Captioned web images
▼
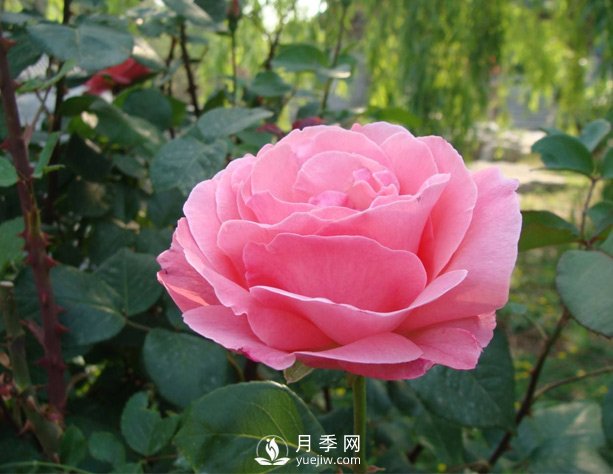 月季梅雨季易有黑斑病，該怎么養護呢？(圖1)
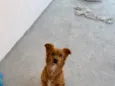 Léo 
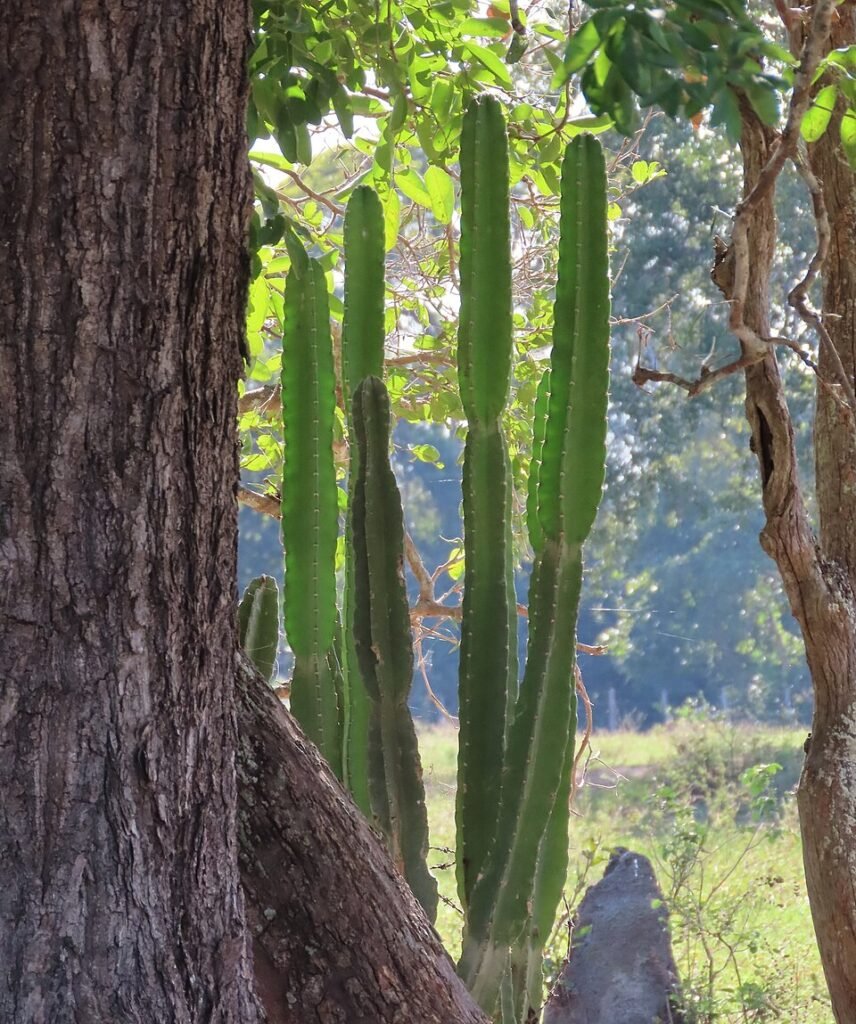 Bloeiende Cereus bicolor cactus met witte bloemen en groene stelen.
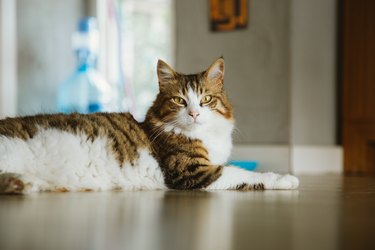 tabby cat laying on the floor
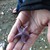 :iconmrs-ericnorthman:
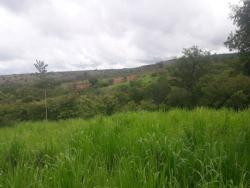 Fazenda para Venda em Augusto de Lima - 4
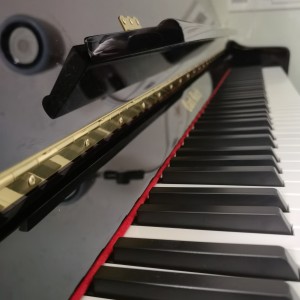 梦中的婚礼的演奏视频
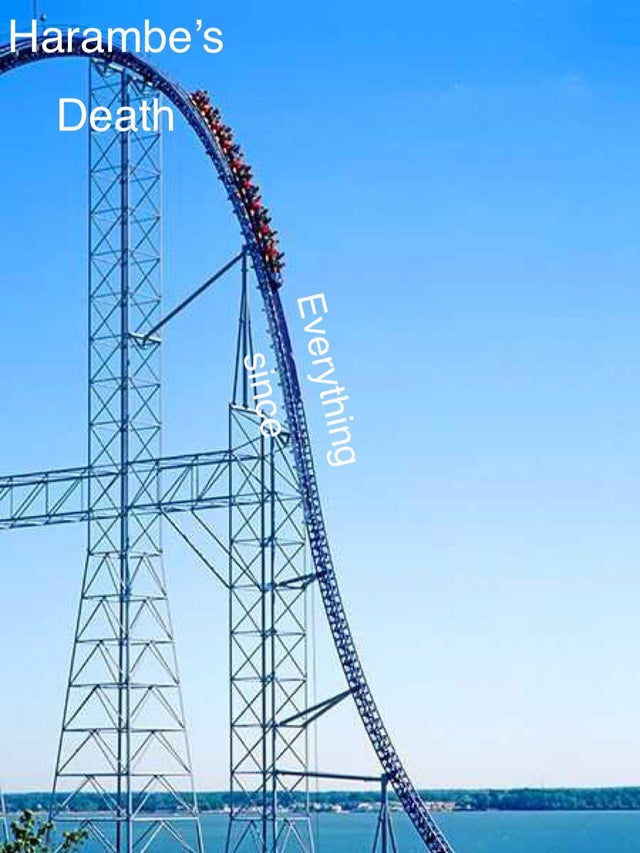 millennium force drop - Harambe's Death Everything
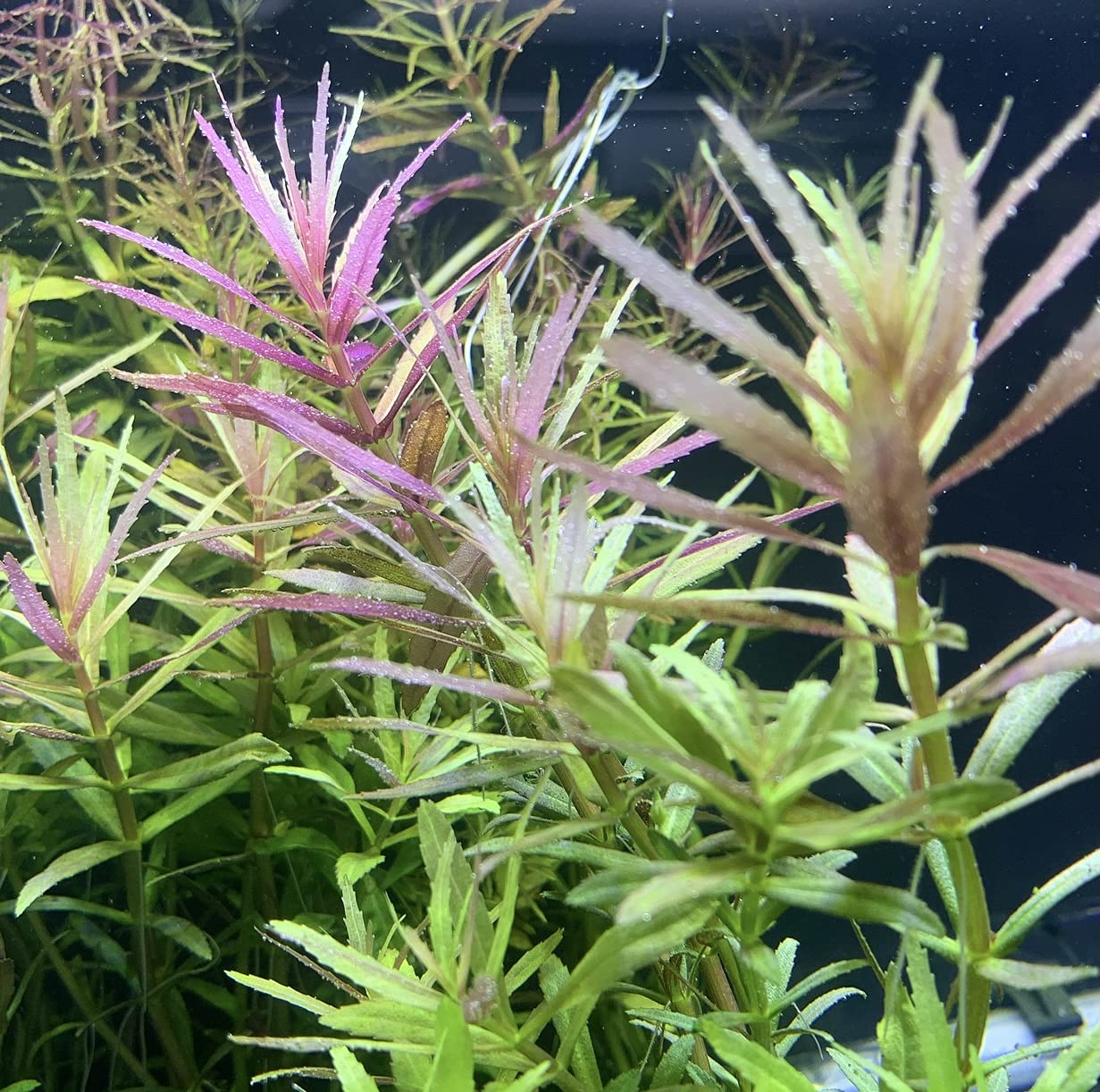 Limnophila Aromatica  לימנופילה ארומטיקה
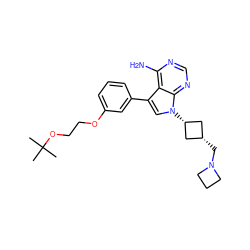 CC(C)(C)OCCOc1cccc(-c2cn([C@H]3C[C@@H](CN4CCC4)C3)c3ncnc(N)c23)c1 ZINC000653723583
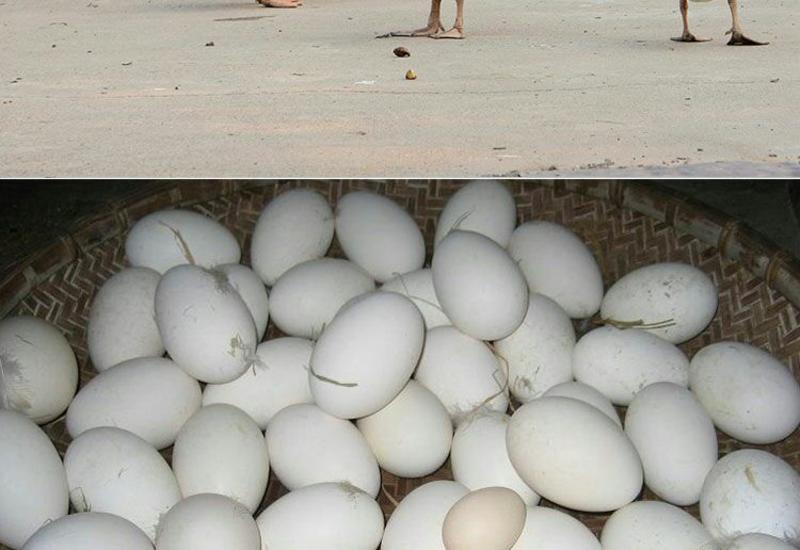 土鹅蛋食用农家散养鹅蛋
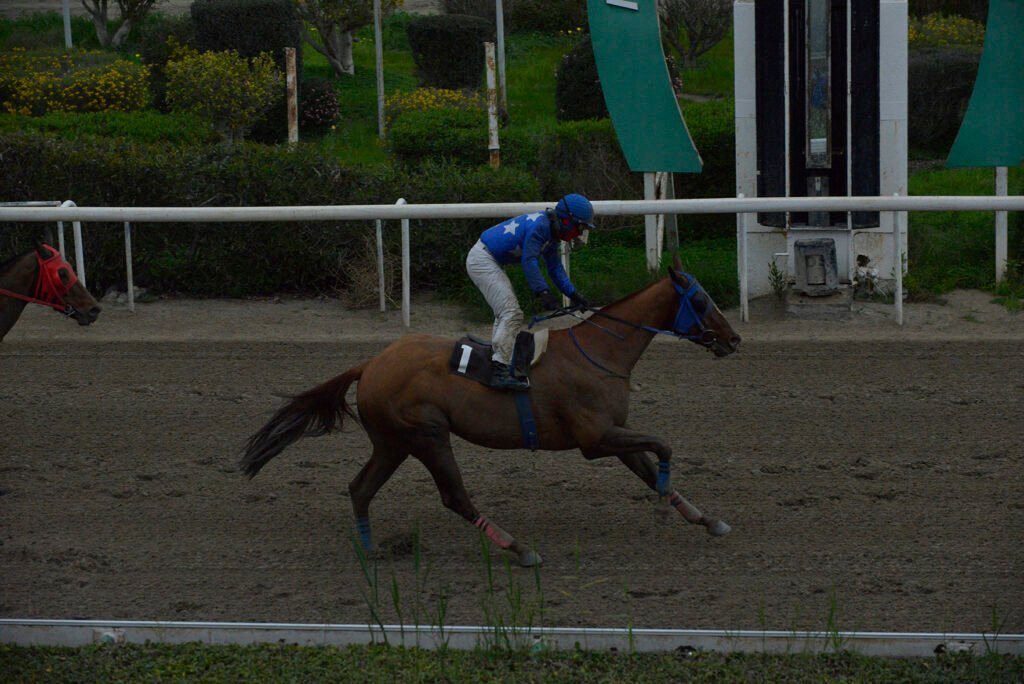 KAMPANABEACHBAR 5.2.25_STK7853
▲
● **Task goal**:
Repeat the data exactly as written, but without the pictures.

● **Answer box**:
 月季梅雨季易有黑斑病，該怎么養護呢？(圖1)
 Léo 
 Bloeiende Cereus bicolor cactus met witte bloemen en groene stelen.
 tabby cat laying on the floor
 :iconmrs-ericnorthman:
 Fazenda para Venda em Augusto de Lima - 4
 梦中的婚礼的演奏视频
 millennium force drop - Harambe's Death Everything
 Limnophila Aromatica  לימנופילה ארומטיקה
 CC(C)(C)OCCOc1cccc(-c2cn([C@H]3C[C@@H](CN4CCC4)C3)c3ncnc(N)c23)c1 ZINC000653723583
 土鹅蛋食用农家散养鹅蛋
 KAMPANABEACHBAR 5.2.25_STK7853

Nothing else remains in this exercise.